Records for this task Block Start

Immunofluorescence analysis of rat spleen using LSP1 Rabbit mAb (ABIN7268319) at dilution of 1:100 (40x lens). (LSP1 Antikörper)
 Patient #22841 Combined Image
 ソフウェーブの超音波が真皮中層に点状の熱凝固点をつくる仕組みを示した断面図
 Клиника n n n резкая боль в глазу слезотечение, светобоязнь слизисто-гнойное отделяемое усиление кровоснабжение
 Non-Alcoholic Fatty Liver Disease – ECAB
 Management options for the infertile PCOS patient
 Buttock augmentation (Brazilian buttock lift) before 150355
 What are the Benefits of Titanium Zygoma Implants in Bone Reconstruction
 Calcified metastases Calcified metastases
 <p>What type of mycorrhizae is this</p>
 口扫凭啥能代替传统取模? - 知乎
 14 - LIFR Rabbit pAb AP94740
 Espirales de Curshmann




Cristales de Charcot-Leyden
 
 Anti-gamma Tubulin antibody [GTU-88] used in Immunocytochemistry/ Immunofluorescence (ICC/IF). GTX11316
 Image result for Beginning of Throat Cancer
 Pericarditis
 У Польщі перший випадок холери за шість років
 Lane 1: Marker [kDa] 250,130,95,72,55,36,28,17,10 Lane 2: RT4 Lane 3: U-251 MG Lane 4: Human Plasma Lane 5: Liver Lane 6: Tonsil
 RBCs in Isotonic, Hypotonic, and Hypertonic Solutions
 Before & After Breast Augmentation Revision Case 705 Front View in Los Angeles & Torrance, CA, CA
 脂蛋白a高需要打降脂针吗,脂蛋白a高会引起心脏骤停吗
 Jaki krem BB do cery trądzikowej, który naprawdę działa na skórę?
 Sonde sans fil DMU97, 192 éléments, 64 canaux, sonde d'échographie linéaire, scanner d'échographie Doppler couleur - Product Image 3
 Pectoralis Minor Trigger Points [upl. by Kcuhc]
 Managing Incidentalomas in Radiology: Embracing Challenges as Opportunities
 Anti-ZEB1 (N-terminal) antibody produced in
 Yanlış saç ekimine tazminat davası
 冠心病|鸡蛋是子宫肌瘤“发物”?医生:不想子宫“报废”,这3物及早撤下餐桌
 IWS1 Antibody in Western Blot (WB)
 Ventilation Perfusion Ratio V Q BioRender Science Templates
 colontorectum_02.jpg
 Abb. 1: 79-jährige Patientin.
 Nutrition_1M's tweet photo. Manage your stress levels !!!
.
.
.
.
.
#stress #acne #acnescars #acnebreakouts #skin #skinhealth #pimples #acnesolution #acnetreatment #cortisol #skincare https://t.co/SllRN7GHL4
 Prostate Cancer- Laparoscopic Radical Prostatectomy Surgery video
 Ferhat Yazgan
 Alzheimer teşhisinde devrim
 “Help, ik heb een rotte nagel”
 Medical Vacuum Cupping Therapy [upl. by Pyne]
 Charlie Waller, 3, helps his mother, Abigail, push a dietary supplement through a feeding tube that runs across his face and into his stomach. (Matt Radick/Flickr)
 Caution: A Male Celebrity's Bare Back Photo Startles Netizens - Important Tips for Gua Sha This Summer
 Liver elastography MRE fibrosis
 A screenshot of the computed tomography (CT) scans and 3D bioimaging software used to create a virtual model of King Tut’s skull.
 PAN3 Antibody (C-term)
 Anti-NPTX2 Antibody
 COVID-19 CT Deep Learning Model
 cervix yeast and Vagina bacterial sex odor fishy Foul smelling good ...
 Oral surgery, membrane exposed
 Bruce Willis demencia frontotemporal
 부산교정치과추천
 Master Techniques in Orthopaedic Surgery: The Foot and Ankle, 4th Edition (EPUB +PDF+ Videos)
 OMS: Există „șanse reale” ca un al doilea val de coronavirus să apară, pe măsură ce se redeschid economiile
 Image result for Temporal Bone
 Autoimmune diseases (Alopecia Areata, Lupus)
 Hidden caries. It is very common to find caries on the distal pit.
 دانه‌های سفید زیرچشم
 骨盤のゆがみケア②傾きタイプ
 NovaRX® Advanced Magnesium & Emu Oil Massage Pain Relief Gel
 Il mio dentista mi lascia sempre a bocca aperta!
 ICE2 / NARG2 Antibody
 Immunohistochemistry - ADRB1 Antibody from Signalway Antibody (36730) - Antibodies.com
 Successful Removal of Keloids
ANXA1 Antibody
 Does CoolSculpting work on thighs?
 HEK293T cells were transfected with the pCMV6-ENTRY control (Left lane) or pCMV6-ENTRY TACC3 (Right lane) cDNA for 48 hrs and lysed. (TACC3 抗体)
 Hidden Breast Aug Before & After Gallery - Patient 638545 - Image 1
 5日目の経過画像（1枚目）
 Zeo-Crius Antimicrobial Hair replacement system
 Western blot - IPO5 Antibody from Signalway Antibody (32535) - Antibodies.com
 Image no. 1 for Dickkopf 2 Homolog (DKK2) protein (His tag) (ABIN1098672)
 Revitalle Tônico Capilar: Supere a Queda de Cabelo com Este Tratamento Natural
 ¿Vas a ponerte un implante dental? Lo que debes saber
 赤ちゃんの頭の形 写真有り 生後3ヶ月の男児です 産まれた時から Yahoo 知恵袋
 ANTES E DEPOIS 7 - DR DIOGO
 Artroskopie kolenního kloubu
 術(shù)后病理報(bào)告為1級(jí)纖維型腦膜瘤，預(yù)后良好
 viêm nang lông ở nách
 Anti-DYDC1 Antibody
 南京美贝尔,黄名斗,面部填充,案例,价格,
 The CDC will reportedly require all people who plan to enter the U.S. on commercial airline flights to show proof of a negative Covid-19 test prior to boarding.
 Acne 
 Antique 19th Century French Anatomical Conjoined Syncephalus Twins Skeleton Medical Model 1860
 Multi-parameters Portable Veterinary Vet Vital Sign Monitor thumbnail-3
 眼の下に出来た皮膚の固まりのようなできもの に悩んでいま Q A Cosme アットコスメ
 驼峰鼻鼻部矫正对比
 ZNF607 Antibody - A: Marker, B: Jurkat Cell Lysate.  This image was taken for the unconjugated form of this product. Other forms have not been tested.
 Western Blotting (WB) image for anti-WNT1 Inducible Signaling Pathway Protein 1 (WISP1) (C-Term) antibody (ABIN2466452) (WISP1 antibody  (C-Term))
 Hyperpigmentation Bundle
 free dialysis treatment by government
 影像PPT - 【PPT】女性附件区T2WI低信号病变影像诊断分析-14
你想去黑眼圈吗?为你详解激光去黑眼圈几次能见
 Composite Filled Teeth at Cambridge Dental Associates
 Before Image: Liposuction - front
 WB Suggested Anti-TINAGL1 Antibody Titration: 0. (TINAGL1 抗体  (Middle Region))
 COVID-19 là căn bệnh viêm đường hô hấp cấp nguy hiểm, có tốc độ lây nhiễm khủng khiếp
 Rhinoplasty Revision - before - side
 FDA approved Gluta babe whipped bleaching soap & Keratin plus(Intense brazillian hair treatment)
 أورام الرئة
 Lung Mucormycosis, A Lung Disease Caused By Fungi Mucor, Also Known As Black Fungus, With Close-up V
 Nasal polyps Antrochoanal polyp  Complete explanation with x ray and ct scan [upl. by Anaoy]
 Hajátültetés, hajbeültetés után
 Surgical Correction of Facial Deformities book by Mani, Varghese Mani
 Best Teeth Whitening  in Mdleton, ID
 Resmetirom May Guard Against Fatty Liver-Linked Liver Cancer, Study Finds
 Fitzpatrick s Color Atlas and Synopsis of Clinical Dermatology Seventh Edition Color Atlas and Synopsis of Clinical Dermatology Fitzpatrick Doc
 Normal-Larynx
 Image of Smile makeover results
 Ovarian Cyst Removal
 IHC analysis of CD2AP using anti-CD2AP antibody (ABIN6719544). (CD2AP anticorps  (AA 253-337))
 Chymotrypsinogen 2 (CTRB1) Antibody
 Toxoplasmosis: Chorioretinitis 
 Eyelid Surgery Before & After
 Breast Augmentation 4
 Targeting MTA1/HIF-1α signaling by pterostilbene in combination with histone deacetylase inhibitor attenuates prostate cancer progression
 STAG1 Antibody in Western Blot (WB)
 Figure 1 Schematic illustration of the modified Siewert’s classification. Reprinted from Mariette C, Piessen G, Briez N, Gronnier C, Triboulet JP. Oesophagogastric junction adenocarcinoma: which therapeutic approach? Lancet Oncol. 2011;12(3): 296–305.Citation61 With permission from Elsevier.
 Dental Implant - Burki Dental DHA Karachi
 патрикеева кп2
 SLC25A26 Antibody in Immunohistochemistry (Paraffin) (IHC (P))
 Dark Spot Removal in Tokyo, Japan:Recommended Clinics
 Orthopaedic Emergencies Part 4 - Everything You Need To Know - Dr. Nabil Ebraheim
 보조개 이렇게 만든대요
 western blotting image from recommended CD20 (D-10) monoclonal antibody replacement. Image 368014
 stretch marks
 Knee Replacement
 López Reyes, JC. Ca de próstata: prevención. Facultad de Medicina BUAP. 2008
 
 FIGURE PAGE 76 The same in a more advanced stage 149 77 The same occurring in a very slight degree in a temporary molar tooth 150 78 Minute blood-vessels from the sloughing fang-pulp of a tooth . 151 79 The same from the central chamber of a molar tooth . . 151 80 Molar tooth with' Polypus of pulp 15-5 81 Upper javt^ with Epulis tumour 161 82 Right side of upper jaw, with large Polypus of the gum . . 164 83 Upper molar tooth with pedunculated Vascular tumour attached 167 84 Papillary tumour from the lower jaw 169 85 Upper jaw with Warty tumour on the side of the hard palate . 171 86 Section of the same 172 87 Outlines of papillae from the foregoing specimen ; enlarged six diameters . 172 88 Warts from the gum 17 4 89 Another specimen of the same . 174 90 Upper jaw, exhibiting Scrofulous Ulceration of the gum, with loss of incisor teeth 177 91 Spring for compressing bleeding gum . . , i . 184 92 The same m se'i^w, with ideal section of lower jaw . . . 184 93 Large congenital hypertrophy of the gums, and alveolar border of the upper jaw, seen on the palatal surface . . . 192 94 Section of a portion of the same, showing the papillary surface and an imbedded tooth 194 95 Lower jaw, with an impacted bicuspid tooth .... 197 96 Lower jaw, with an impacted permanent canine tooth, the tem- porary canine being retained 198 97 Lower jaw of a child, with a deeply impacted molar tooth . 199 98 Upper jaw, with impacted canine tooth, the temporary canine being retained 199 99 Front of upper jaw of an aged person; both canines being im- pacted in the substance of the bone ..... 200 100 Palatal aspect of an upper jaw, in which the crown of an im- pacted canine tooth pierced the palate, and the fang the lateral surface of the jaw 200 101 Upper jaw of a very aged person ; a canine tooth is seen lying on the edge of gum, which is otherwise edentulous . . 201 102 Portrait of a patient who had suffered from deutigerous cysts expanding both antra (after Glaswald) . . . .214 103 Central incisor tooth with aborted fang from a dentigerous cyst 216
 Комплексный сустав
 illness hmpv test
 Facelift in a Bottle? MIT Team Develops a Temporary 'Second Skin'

Records for this task Block End

* Task to complete
Repeat word for word the lines above that run from the line containing "Hajátültetés, hajbeültetés után" through the line containing "STAG1 Antibody in Western Blot (WB)", both ends included, and nothing else.

* Solution to this exercise
 Hajátültetés, hajbeültetés után
 Surgical Correction of Facial Deformities book by Mani, Varghese Mani
 Best Teeth Whitening  in Mdleton, ID
 Resmetirom May Guard Against Fatty Liver-Linked Liver Cancer, Study Finds
 Fitzpatrick s Color Atlas and Synopsis of Clinical Dermatology Seventh Edition Color Atlas and Synopsis of Clinical Dermatology Fitzpatrick Doc
 Normal-Larynx
 Image of Smile makeover results
 Ovarian Cyst Removal
 IHC analysis of CD2AP using anti-CD2AP antibody (ABIN6719544). (CD2AP anticorps  (AA 253-337))
 Chymotrypsinogen 2 (CTRB1) Antibody
 Toxoplasmosis: Chorioretinitis 
 Eyelid Surgery Before & After
 Breast Augmentation 4
 Targeting MTA1/HIF-1α signaling by pterostilbene in combination with histone deacetylase inhibitor attenuates prostate cancer progression
 STAG1 Antibody in Western Blot (WB)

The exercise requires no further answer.